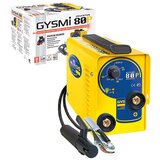 Gysmi varilni aparat 80 p (varilni tok: 10&ndash;80 a, premer elektrode: 1,6&ndash;2,5 mm) cene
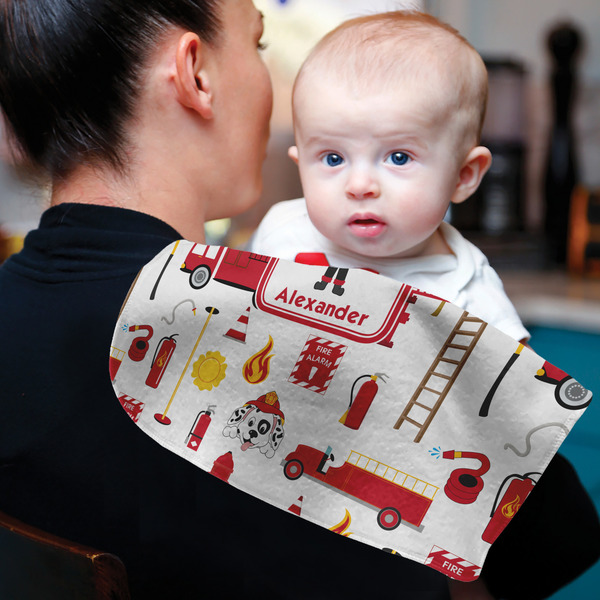 Firefighter for Kids Old Burp - Lifestyle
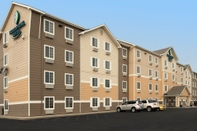 Exterior Extended Stay America Select Suites - Wichita - Airport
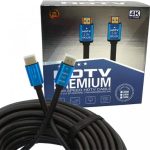 M30 HDMI HDTV 4K كابل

■ PROBLEM REQUIREMENTS ■
Print out the whole of the material word for word, without pictures.

■ WRITTEN SOLUTION ■
 Gysmi varilni aparat 80 p (varilni tok: 10&ndash;80 a, premer elektrode: 1,6&ndash;2,5 mm) cene
 Firefighter for Kids Old Burp - Lifestyle
 Exterior Extended Stay America Select Suites - Wichita - Airport
 M30 HDMI HDTV 4K كابل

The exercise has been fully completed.